# Fins Windtamer v Power Pro



## Tripletime (Nov 2, 2005)

Need some advice... I'm looking at buying some line for my reels and don't like buying the 150 yd or 300 yd spools. I'd rather just buy the 1500 yd spools and be done with it for a while. Thing is... I've used Power Pro in the past and it was an OK line but have read that quite a few of you really like the Windtamer line. I currently have a spool of the Sufix 30 lb that I am using and it is pretty good but am looking at a 20 lb line. I can get the Power Pro 1500 yd spool for $93 as opposed to the Windtamer for $141 for the same 1500 yds at 20 lbs. So is the Windtamer worth the extra $50? Just want some opinions from those who have tried both. Thanks for the advice.


----------



## teamfirstcast (Aug 23, 2006)

yes, definitely!


----------



## Capt Scott Reeh (Jan 21, 2006)

teamfirstcast said:


> yes, definitely!


X3 !!!


----------



## saltwater_therapy (Oct 14, 2005)

i would also look at the Stren Sonic Braid. I like it much better than power pro. It is around $130 for a 1500 yard spool.


----------



## letsgofishin (Sep 28, 2009)

*X4*



Capt Scott Reeh said:


> X3 !!!


I used Power Pro for a number of years and have used the Wind Tamer pink for less than two years. Both are good lines but the WT is far superior.:texasflag


----------



## baystlth22 (Aug 12, 2008)

Guys if I can add an additional question here I would appreciate some help with the wind tamer. I put some on my popping cork outfit and 3 times in one day the line evidently buried and then snapped on the cast. I am pretty good about not winding in with slack line, will grab the line on the first part of the retrieve. Any ideas about what is happening? I really liked the way the line cast is better than anything I have used in the past and would like to continue to use it but gets rather expensive if I have to constantly respool.
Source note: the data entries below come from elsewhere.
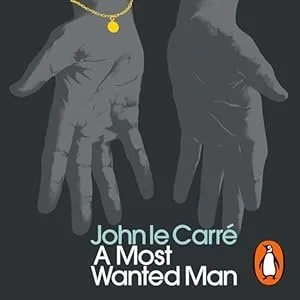 Black and white illustration of two hands, one with a gold chain necklace, positioned against a dark background. Text reads 'John le Carré A Most Wanted Man' with an orange and white penguin logo.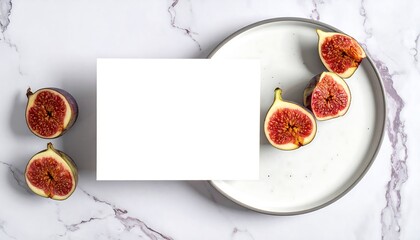 Elegant fig flat lay with blank card on marble background.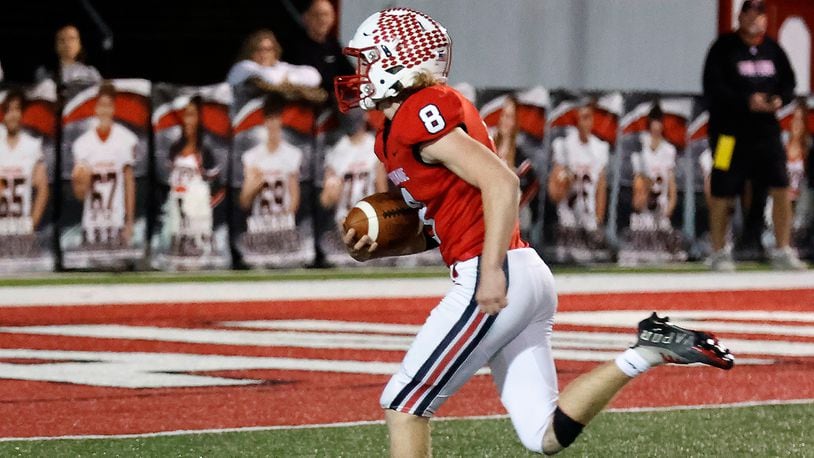 Tipp's Carson Robbins carries the ball in for a touchdown after picking up a Trotwood fumble during the Friday, Nov. 4, 2022, game. BILL LACKEY/STAFF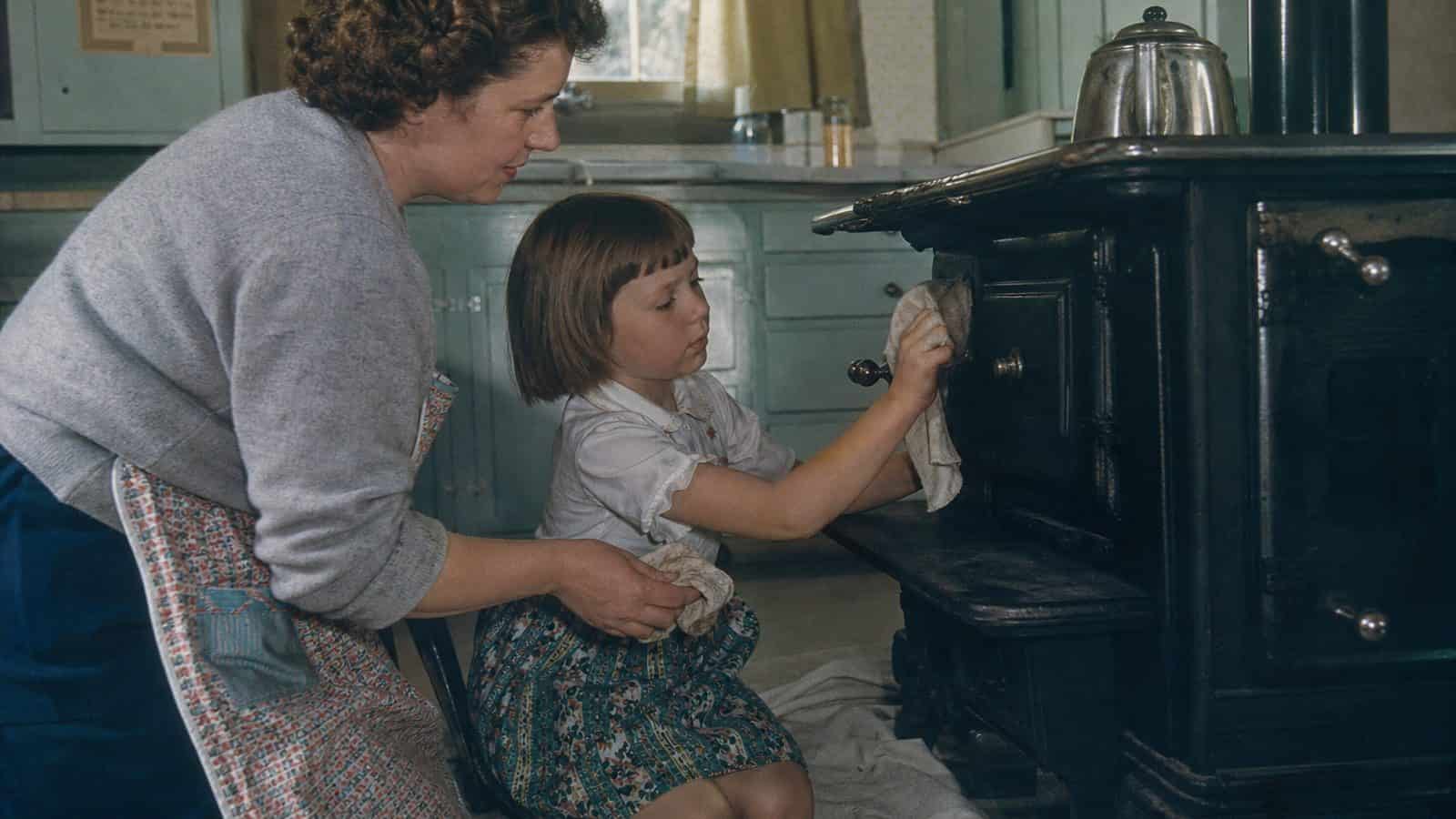 Child learning to polish a cast-iron stove in an early-1960s kitchen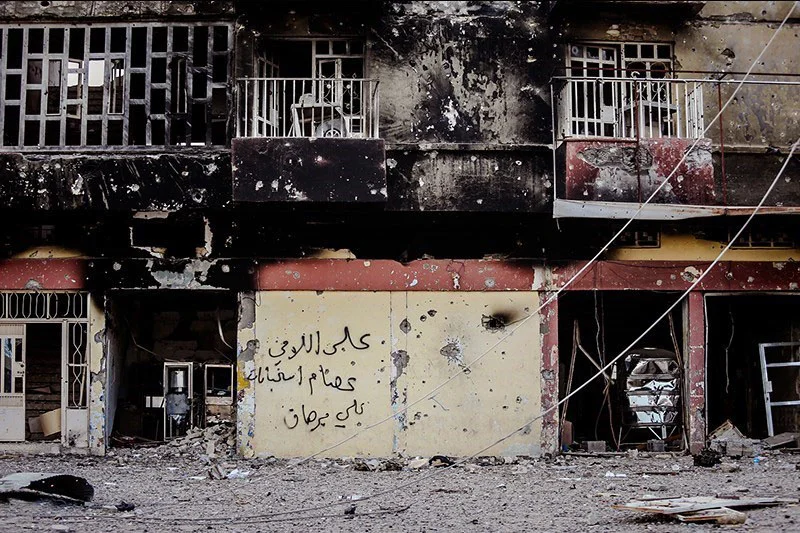 Graffiti op een muur in Fallujah - cc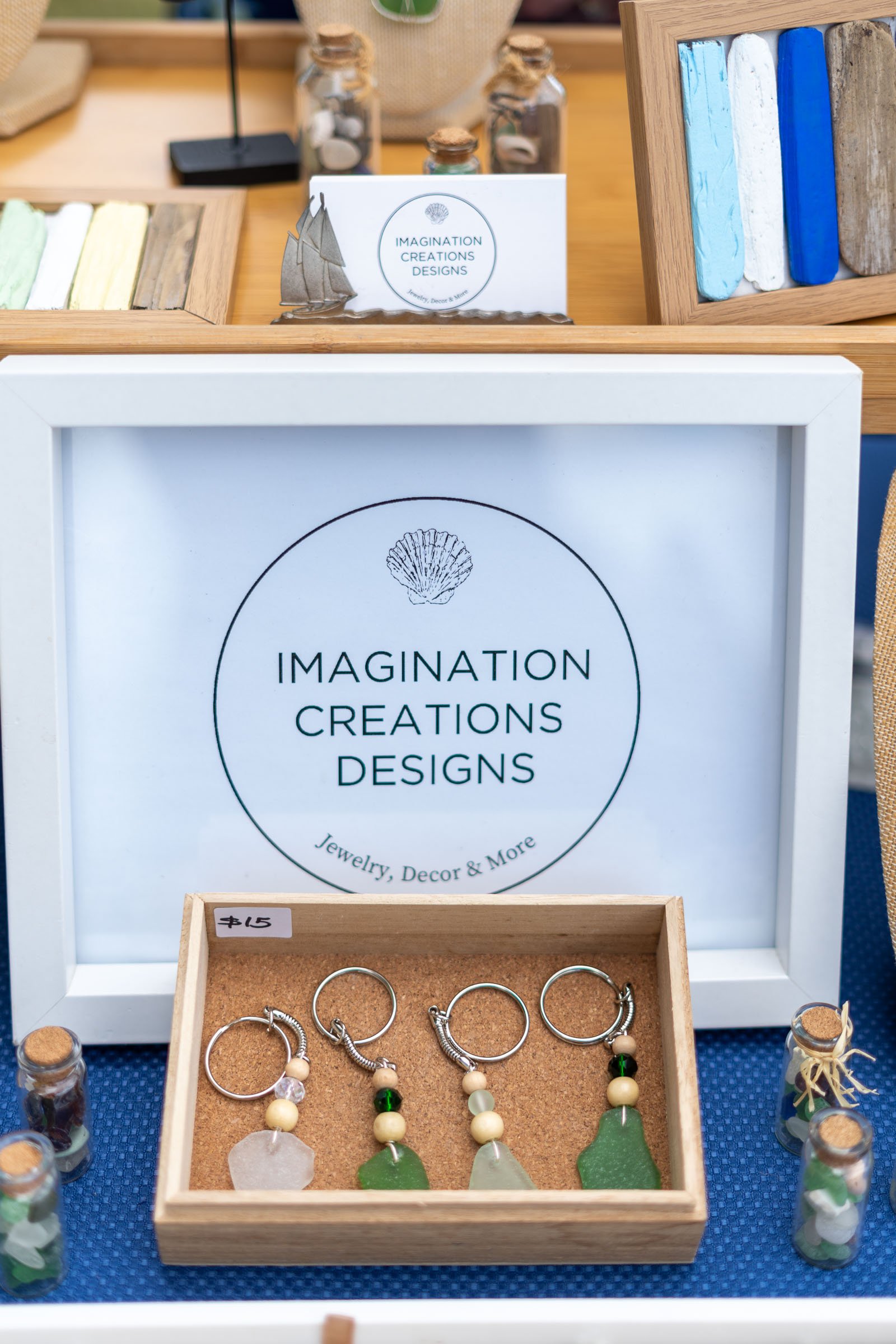 Jewelry display with sea glass earrings, a small wooden box with a $15 price tag, and small bottles filled with decorative stones on a blue surface.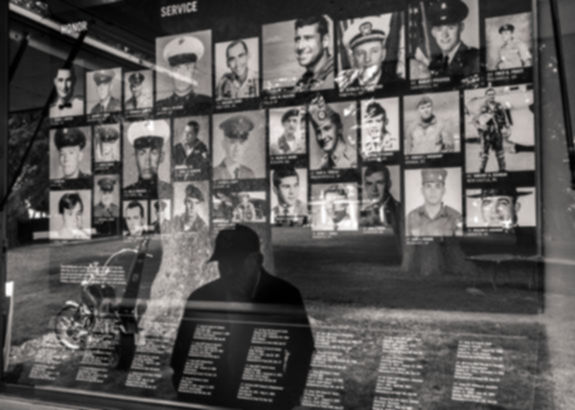 Elderly Veteran Viewing War Memorial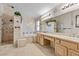 Luxurious bathroom with marble tiling, a soaking tub, a walk-in shower, and a double vanity sink at 2112 Preakness Pass, Las Vegas, NV 89117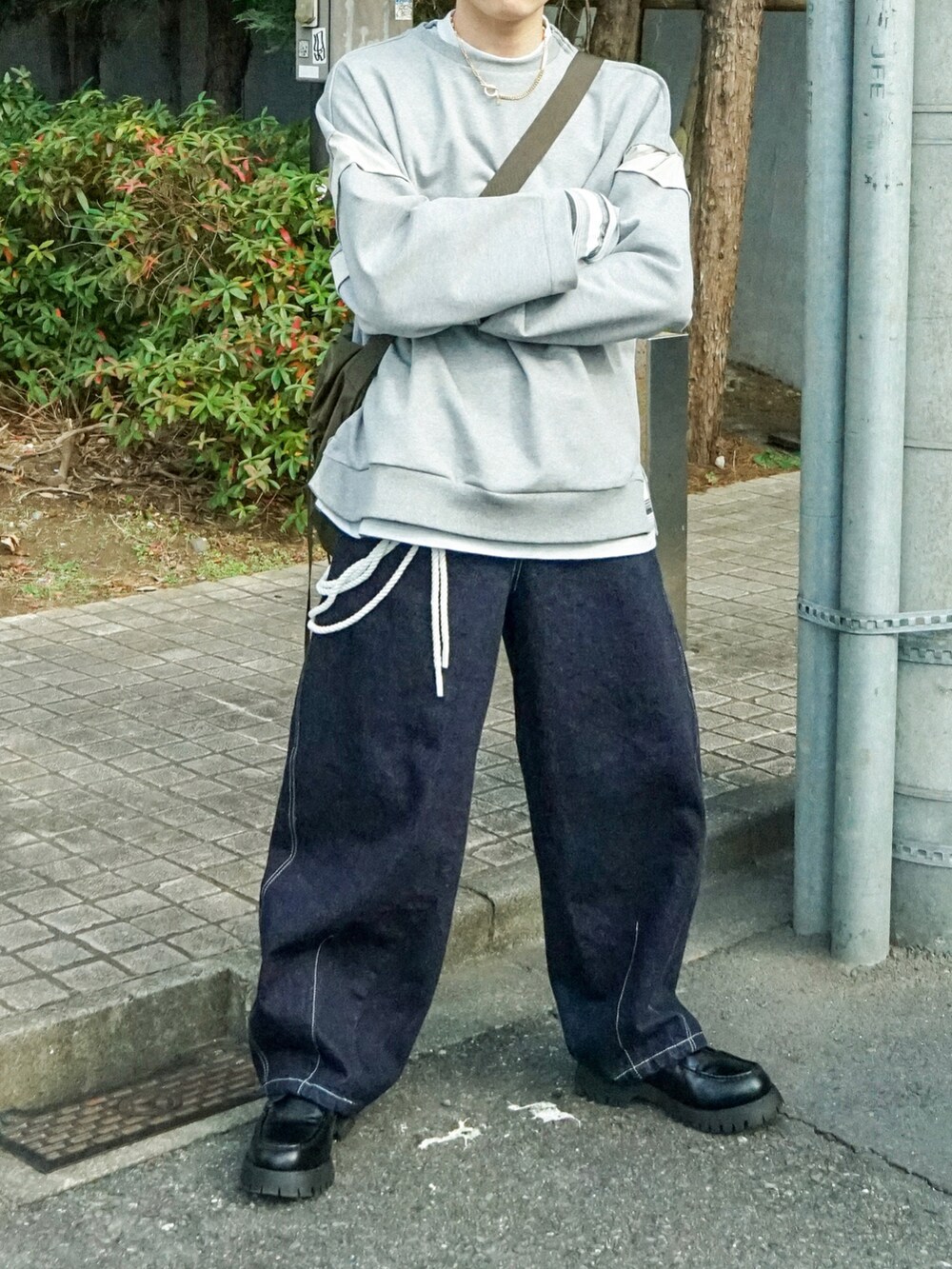 グレー系のスウェット、グレー系のTシャツ/カットソー、ブルー系のデニムパンツを着用したメンズの冬コーディネートの5枚目の写真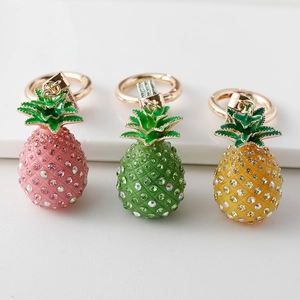 Sparkling pineapple keychains with crystal rhinestones in pink, green, and yellow gold finish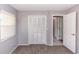 Bedroom with carpet flooring, closet, and a window with blinds at 320 Dublin Dr, Lake Mary, FL 32746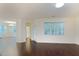 Open living room area with hardwood floors and a large window for natural light at 317 Springhurst Ln, Cary, NC 27511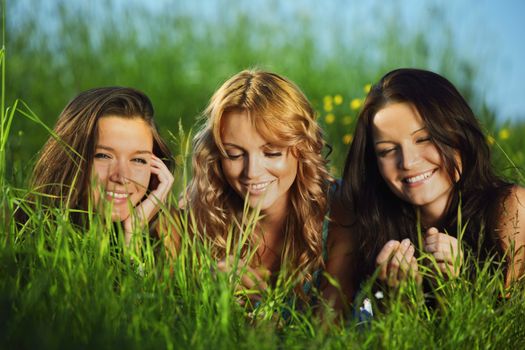 girlfriends lays on green grass and smile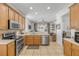 Bright kitchen with wooden cabinetry, stainless steel appliances, and an open layout at 5849 Ansley Way, Mount Dora, FL 32757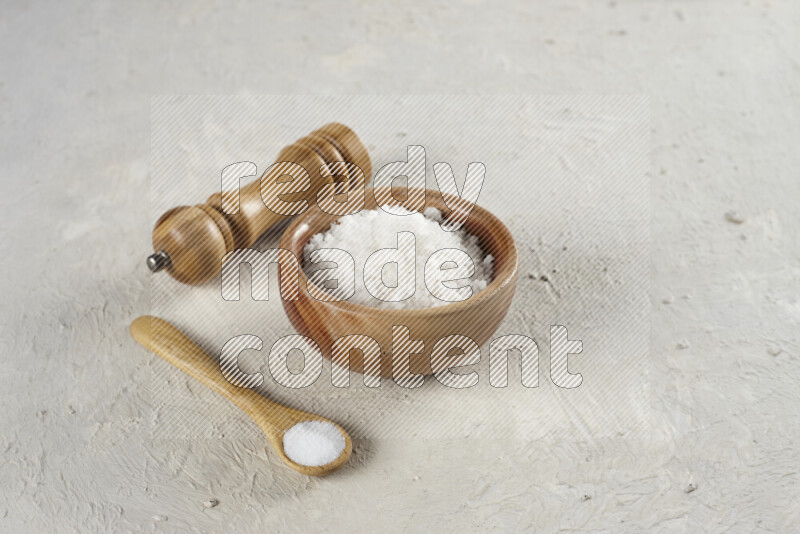 A wooden bowl and spoon filled with white sea salt and wooden grinder beside them on white background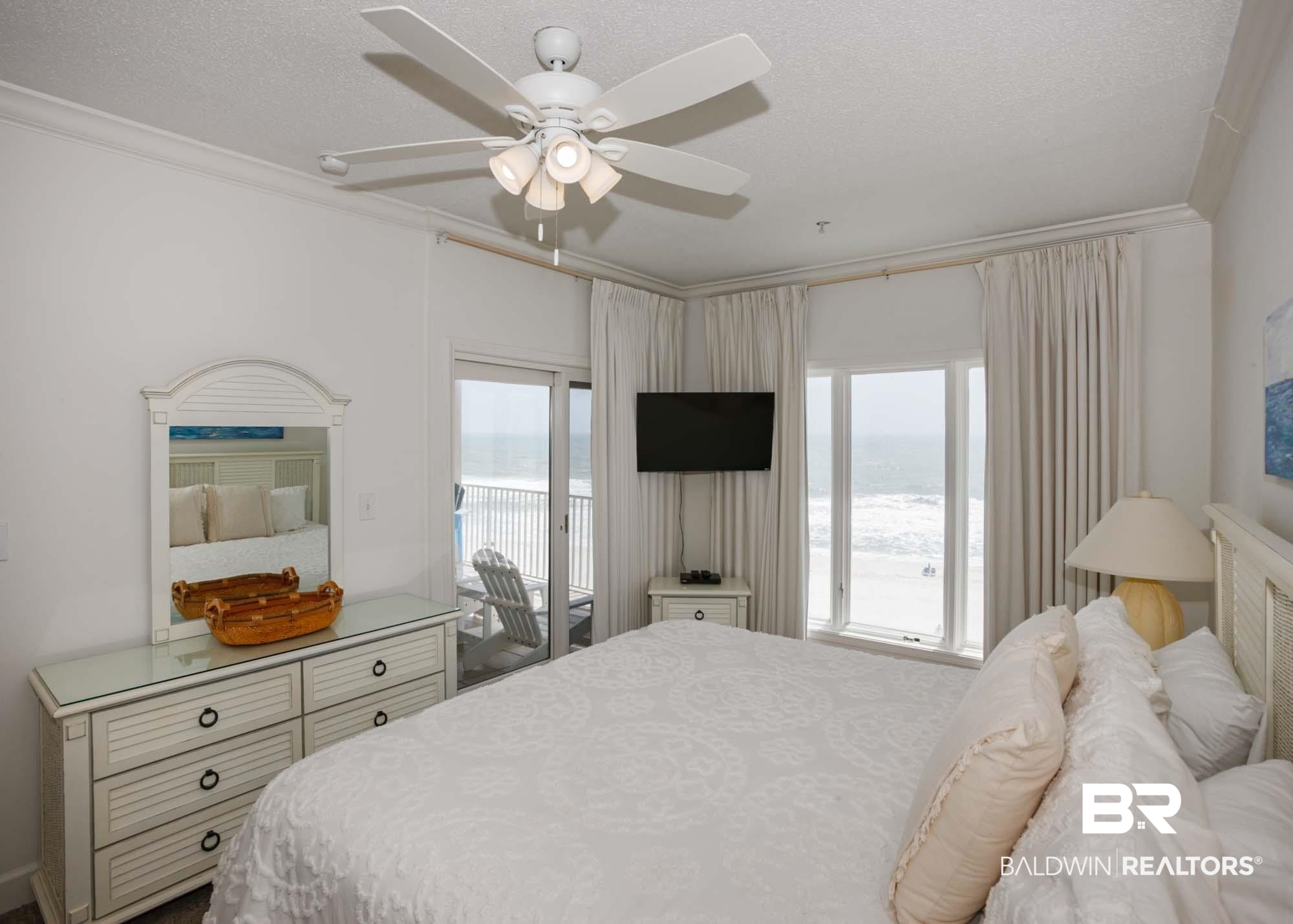 28910 Perdido Beach Boulevard, Unit 4B Orange Beach, AL 36561 - Photo 20 of 48 Bedroom with a ceiling fan, crown molding, access to outside, and a textured ceiling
Thanks for your help.


----------



## Rippin_drag (Sep 2, 2008)

No, not worth it in my opinion. Tried the FINS stuff and was not impressed. I'll probably never switch from Power Pro. To each their own i guess.


----------



## 100% Texan (Jan 30, 2005)

Power pro all day long just my opinion fins is junk I have not tried there wt but I have tried and did not like the other stuff they were selling.


----------



## troutsupport (May 22, 2006)

BayStlth... that's a little hard to tell exactly what is happening.. did it happen after catching fish... try loosening the drag in that case... or did it happen after popping the cork.. in that cast.. pop it less hard; for trout all you need is a little pop that mimics a trout hitting the surface . One other scenario is what weight cork are you using. if you are casting a big weighted popping cork it could be digging in on the cast and then it would also have enough momentum to snap the line if it pulled into the reel of line on the cast. In that case... use smaller lighter popping corks.. you don't need the big huge ones anyway.. 

Tripletime.. I like FINS, but I was wondering why you want to go down to 20? I have used 20 on spinning reels before and that worked ok.. but have found I get less backlashes with 30lb - 50lb on a casting reel. Also the bigger lines have more abrasion resistance and don't dig into the reel. The 20 is so small in dia that any nick at all from an oyster or barnacle or even a gill and it's pretty well compromised and will break.. but if you've tried it and like it then it's all good.. just sharing my experience with it.


----------



## southpaw (Feb 25, 2009)

I personally like both. If you mainly drift fish with baitcasters, PP is fine bc you really wont see a difference in the lines. If you wade and throw into or perpendicular to the wind then you're going to see a big difference in throwing wind tamer. Also if you primarily use spinning reels you'll probably want to use wind tamer bc of its roundness. 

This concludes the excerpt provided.